The HierText Dataset
News
- 2023.05.17: Competition report available here.
- 2023.04.14: We have released the results (click here) of ICDAR 2023 Competition on Hierarchical TextDetection and Recognition. Congratulations and thanks for all the efforts!
- 2022.12.12: We will be hosting ICDAR 2023 Competition on Hierarchical TextDetection and Recognition with HierText! The competition will be held on the Robust Reading Comprehension website, including two tasks, (1) Hierarchical Text Detection and (2) Word-Level End-to-End Text Detection and Recognition. See the website for more info.
- 2022.08.17: The evaluation server is launched on Robust Reading Comprehension. Now you can submit the result of your method on this website.
- 2022.05.11: The Out-of-Vocabulary competition is launched as part of the Text-in-Everything workshop at ECCV 2022. HierText is incorporated to construct the benchmark dataset.
- 2022.06.02: Code and weights for the unified detector model are released in TensorFlow Model Garden.

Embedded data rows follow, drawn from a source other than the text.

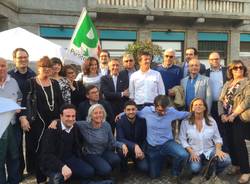 Giorgio Gori a Gallarate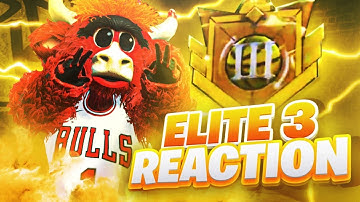 I UNLOCKED ELITE 3 IN THE MOST INSANE WAY! UNLOCKING ALL MASCOTS & SUITS NBA 2K20! ELITE 3 REACTION
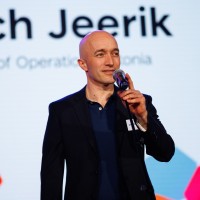 SmartPosti Employee Erich Jeerik's profile photo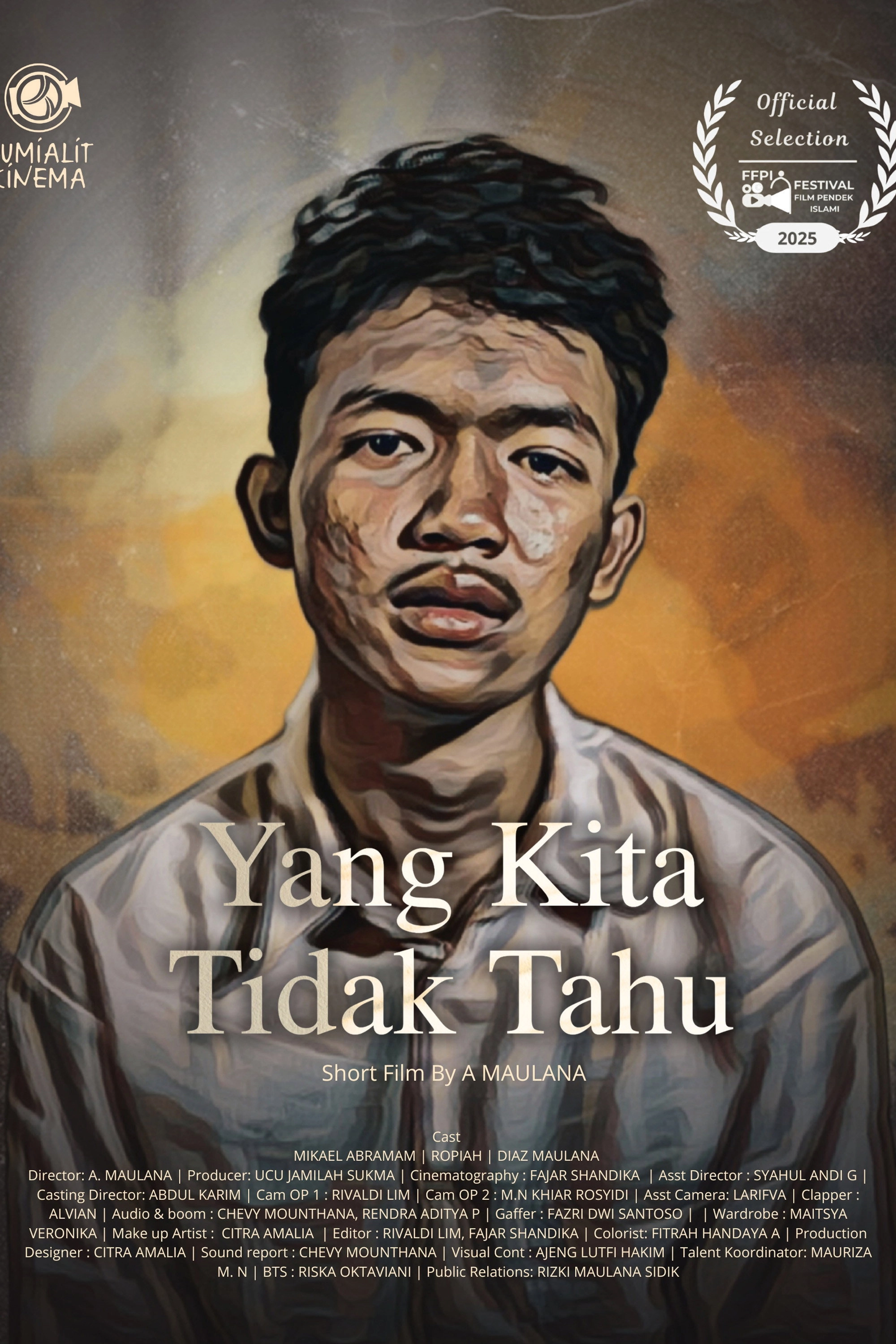 Yang Kita Tidak Tahu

- 2022.03.03: Paper accepted to CVPR 2022.
Overview
HierText is the first dataset featuring hierarchical annotations of text in natural scenes and documents. The dataset contains 11639 images selected from the Open Images dataset, providing high quality word (~1.2M), line, and paragraph level annotations. Text lines are defined as connected sequences of words that are aligned in spatial proximity and are logically connected. Text lines that belong to the same semantic topic and are geometrically coherent form paragraphs. Images in HierText are rich in text, with average of more than 100 words per image.
We hope this dataset can help researchers developing more robust OCR models and enables research into unified OCR and layout analysis. Check out our paper for more details.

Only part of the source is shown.